** Task data **
------------------------------------------------------------

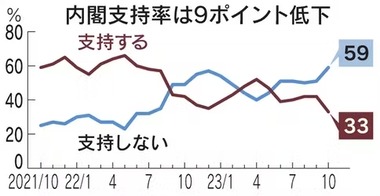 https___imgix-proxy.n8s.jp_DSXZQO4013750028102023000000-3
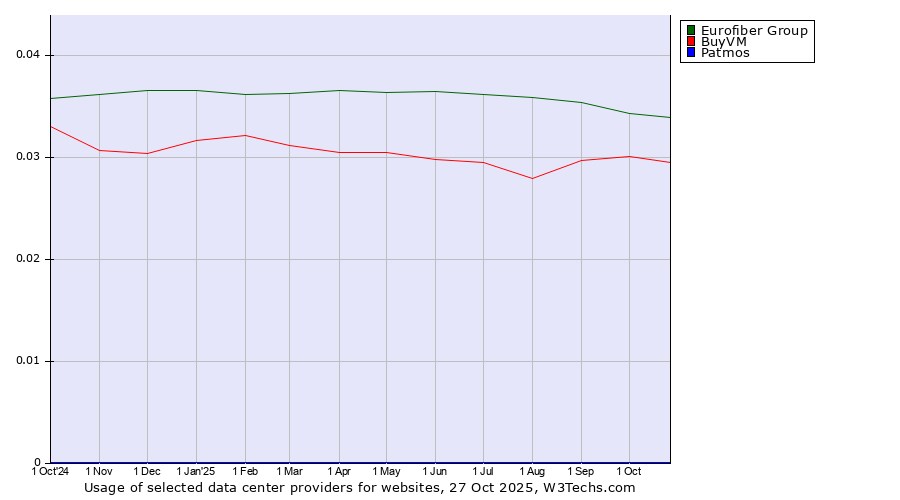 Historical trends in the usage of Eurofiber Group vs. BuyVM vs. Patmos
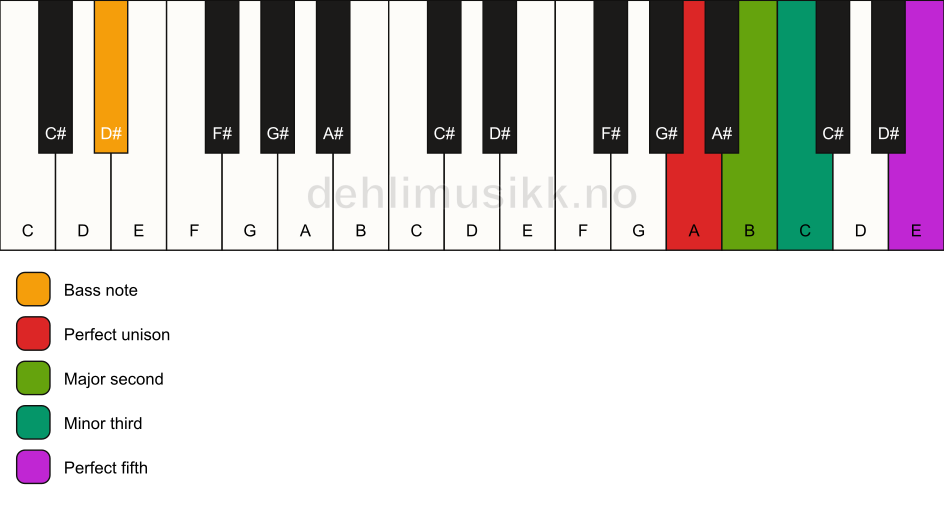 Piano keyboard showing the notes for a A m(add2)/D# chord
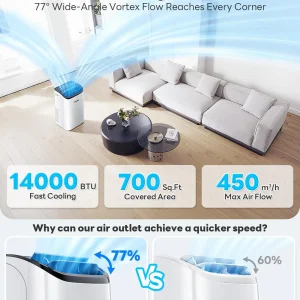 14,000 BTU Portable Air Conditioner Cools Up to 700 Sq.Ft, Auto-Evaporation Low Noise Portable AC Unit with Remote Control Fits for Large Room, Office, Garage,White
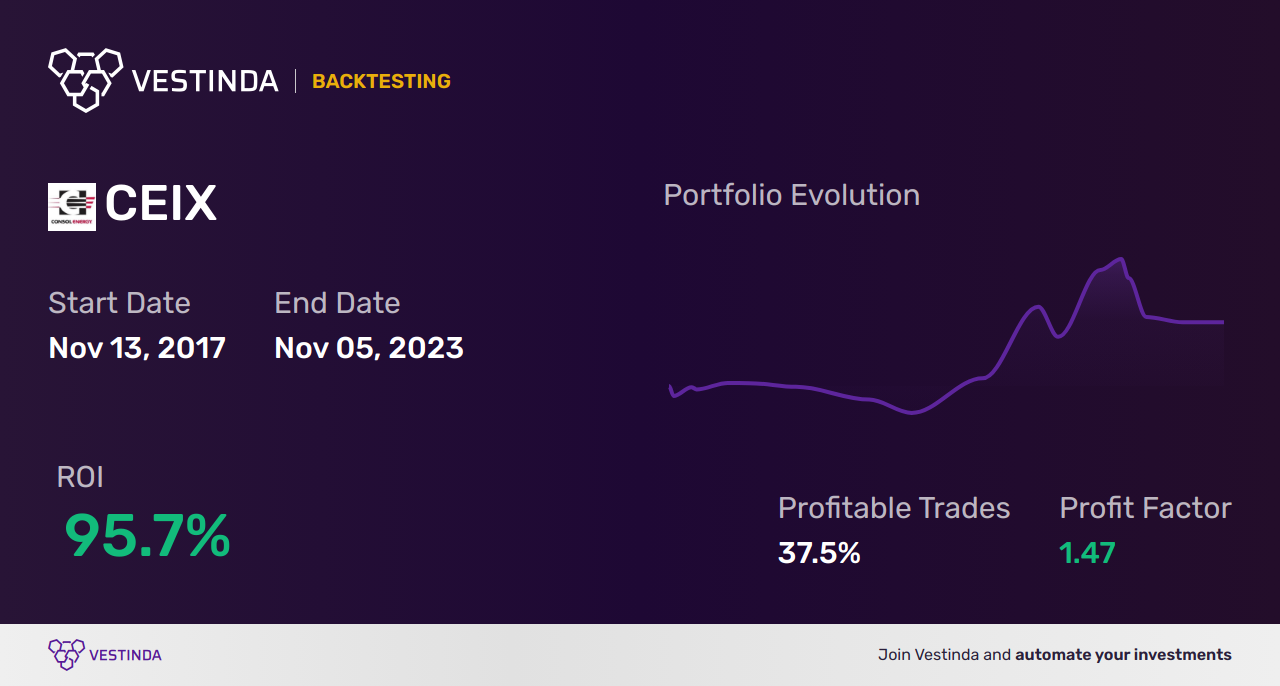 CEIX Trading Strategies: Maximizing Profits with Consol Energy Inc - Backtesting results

------------------------------------------------------------

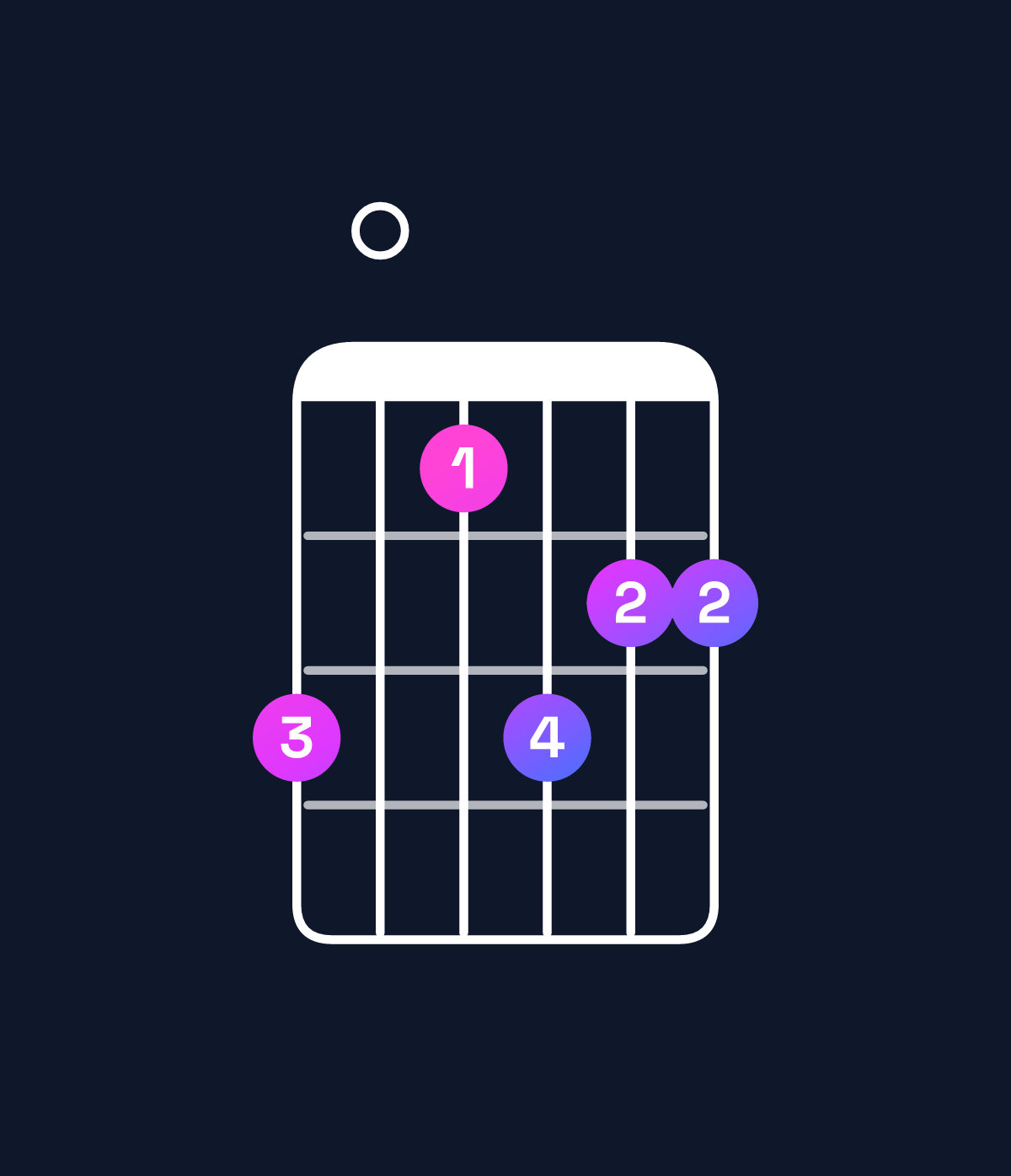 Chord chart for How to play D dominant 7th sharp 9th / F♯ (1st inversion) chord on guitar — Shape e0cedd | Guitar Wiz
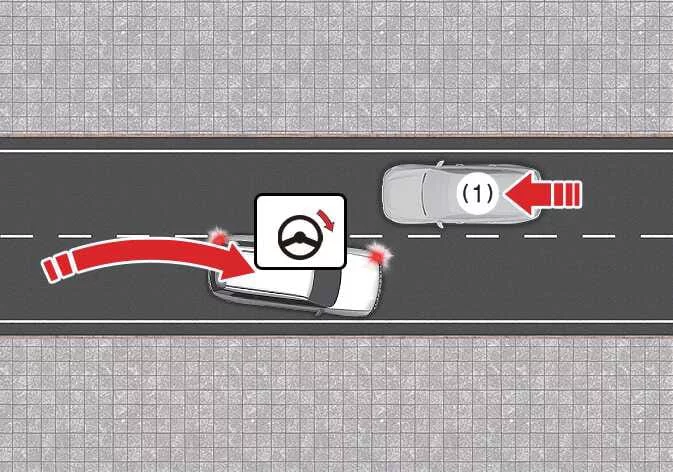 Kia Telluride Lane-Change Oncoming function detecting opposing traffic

------------------------------------------------------------

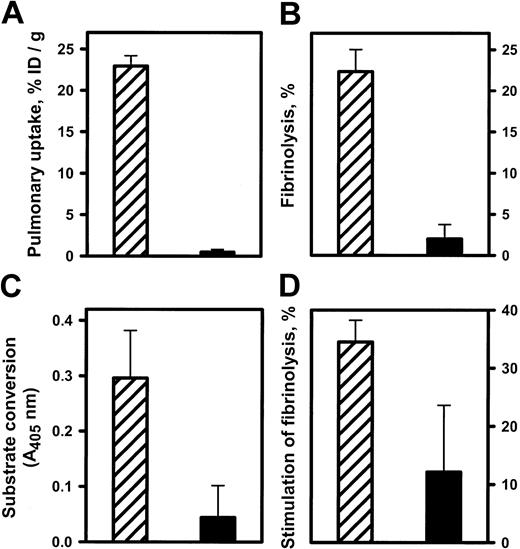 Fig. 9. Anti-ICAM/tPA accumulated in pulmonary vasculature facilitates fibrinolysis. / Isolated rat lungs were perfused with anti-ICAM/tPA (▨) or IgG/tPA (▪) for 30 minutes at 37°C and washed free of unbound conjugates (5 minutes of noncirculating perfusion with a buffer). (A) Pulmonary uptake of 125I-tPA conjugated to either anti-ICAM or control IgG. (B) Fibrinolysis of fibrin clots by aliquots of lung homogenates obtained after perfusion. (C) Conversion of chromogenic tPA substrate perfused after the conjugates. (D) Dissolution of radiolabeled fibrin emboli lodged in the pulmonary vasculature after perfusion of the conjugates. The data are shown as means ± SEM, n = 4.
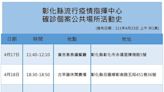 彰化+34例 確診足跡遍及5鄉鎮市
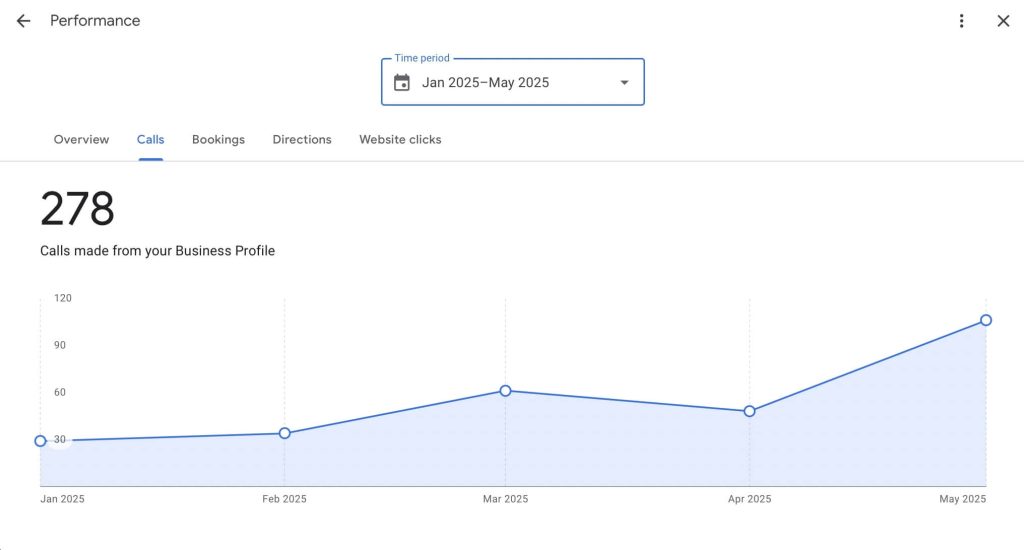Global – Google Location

------------------------------------------------------------

** Your objective **
Using the data above, set down each line from the line with "Historical trends in" to the line with "CEIX Trading Strategies: Maximizing" exactly, both ends included, and leave the pictures behind. Nothing else belongs.

** Answer to the exercise **
 Historical trends in the usage of Eurofiber Group vs. BuyVM vs. Patmos
 Piano keyboard showing the notes for a A m(add2)/D# chord
 14,000 BTU Portable Air Conditioner Cools Up to 700 Sq.Ft, Auto-Evaporation Low Noise Portable AC Unit with Remote Control Fits for Large Room, Office, Garage,White
 CEIX Trading Strategies: Maximizing Profits with Consol Energy Inc - Backtesting results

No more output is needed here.